Ken Brindle, Cape Coral

GOP hasn’t changed tactics

Here we go again. After the midterm election drubbing, the GOP hasn’t changed strategy or tactics to attract or retain voters, leaving us helpless and hopeless. Fox News anchors whining about Biden didn’t work in the midterms and will not work in 2024. Meanwhile, the Democrats are actively seeking new ways to attract and retain more votes to maintain their power. They are targeting specific voter demographic groups with tailored messages using specific media channels. The GOP remains silent, letting the Democrats define the issues and the messaging and control the channels. The GOP must get to work to attract voters. Why is fiscal responsibility important to millennials? Because inflation will erode their current and future economic health. This means smaller houses, older cars, less exciting vacations, and insufficient savings for their retirement or their children’s education.

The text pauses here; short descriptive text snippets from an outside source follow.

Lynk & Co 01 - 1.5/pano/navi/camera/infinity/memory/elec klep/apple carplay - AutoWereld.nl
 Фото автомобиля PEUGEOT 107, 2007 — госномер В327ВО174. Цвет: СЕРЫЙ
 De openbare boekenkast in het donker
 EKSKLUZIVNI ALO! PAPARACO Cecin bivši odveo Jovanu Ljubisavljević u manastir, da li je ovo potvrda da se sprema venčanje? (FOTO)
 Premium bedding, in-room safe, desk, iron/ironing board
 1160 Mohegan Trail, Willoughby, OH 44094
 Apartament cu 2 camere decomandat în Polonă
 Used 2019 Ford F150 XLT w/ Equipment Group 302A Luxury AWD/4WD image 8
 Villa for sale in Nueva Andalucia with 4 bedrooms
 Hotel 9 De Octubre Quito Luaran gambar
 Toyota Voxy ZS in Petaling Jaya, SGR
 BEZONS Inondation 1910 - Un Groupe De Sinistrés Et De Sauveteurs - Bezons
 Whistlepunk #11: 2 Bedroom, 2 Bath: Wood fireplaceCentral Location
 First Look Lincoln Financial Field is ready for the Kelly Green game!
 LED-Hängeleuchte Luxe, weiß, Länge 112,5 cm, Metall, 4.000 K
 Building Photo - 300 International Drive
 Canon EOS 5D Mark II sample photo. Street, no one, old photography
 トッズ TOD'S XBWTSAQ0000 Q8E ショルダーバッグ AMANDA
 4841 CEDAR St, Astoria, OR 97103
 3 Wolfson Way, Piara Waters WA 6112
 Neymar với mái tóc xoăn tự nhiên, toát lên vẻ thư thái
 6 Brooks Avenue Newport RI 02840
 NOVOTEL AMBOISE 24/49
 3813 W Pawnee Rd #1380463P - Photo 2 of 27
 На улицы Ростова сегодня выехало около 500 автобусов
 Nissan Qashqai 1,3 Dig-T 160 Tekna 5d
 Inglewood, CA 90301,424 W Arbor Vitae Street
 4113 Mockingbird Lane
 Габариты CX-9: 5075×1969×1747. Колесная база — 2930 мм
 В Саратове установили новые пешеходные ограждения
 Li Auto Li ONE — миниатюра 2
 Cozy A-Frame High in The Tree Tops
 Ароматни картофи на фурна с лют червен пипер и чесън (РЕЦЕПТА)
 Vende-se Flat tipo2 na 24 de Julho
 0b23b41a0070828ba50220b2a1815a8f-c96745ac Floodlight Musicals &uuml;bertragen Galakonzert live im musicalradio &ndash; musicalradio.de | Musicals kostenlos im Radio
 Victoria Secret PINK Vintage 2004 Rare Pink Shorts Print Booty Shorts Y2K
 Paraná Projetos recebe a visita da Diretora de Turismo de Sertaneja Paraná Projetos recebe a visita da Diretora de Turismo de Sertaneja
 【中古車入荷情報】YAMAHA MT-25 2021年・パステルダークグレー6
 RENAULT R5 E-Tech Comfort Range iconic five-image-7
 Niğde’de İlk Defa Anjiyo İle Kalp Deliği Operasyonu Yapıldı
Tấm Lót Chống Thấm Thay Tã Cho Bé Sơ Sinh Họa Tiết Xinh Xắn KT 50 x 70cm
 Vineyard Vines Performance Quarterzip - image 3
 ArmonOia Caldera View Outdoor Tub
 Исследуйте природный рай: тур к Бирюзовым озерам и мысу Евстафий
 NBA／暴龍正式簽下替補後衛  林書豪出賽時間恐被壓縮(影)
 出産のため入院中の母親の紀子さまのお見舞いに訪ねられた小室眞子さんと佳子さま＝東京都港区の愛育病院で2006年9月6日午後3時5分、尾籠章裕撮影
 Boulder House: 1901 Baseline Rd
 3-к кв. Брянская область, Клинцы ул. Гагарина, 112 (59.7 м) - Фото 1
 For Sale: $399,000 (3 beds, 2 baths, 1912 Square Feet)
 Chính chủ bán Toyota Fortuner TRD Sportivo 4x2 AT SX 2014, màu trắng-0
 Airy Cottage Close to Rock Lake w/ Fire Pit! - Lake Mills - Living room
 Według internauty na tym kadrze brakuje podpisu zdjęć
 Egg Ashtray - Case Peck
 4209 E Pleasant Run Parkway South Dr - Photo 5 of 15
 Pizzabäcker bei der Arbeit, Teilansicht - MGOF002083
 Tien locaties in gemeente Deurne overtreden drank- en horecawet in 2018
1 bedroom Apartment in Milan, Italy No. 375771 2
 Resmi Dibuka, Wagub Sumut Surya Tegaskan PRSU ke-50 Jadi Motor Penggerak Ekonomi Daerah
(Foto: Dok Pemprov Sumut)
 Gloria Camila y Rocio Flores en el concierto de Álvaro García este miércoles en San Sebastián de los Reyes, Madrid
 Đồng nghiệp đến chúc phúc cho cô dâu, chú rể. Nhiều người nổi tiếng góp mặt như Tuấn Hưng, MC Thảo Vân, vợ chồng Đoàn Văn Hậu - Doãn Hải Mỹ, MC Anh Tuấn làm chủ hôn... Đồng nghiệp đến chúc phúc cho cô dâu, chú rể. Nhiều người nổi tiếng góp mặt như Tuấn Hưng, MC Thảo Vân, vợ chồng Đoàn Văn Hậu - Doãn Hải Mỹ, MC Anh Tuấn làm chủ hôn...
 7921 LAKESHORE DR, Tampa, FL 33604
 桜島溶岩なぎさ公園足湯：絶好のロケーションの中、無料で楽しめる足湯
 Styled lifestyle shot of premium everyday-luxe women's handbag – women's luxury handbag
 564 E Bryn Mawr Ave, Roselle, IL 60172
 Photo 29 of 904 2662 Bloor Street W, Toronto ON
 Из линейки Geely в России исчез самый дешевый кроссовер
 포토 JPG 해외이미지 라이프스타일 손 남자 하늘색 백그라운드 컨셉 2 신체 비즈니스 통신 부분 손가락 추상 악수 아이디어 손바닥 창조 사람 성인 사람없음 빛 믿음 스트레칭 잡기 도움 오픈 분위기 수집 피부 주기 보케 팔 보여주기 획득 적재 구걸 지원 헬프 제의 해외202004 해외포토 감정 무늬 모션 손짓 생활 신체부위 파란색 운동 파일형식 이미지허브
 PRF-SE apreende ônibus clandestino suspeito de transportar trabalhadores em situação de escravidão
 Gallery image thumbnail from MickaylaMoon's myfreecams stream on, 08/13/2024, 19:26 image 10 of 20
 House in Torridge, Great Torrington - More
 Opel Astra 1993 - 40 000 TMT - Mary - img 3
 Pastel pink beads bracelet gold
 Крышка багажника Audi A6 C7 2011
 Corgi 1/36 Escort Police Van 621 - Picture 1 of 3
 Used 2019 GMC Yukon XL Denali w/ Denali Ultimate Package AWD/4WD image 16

Why is woke culture bad for millennials? Because government agencies should not be indoctrinating their children with neo-Marxists values. What is climate change? Alternative energy may contribute to 10% of our energy needs, but will never entirely replace fossil fuels. Deliberately reducing domestic fossil fuel production only creates energy shortages and higher consumer prices to run cars and households and produce food. What about abortion? The Supreme Court has ruled on Roe v Wade. Now abortion is a states rights matter. So let’s declare that we are pro-choice and support the state laws. We need to reverse the tide of indoctrination into neo-Marxist values on college campuses by articulating a better future to this emerging voter group. One more thing. The MAGA, Inc. SuperPac must stop bashing DeSantis. I hope you’re listening Mr. Trump.

Michael Mainelli, Estero

Uneasy about visiting Florida

My parents, long time “snowbirds” visited Florida upwards of 15 times to escape some of the long Wisconsin winter. I visited them many times during their stays and have made multiple trips myself for cold weather breaks.

With the current political climate in your state I have grown increasingly uneasy about making a return visit. For a state that thrives and relies on the tourist dollar for its very existence, your governor, state legislators and U.S. congressional representatives are scaring me away. Believe me I am not alone.

I sure do not feel safe visiting your state when any gun control legislation is vehemently opposed. And as a senior I certainly take heed when I see and hear how Florida is all about individual choice with the COVID-19 vaccine and any precautions on its spread. Seniors do not want to risk contracting COVID-19 in an uncontrolled environment.

Your Florida Legislature seems to take pride in making voting difficult and one of your U.S. senators wants to make Social Security undependable. Neither are welcoming to snowbirds and their travel dollars.

The “libs” do not own Wisconsin, but neither do conservatives. Wisconsin has a Democratic governor, Republican legislature and one of each for U.S. senator. Checks and balance that Florida is missing.

Florida beware. The buyer is aware of what you are selling and at some point, you, the seller may lose your market. F.Y.I., I sent a note along this line to your state tourism office and have received no response.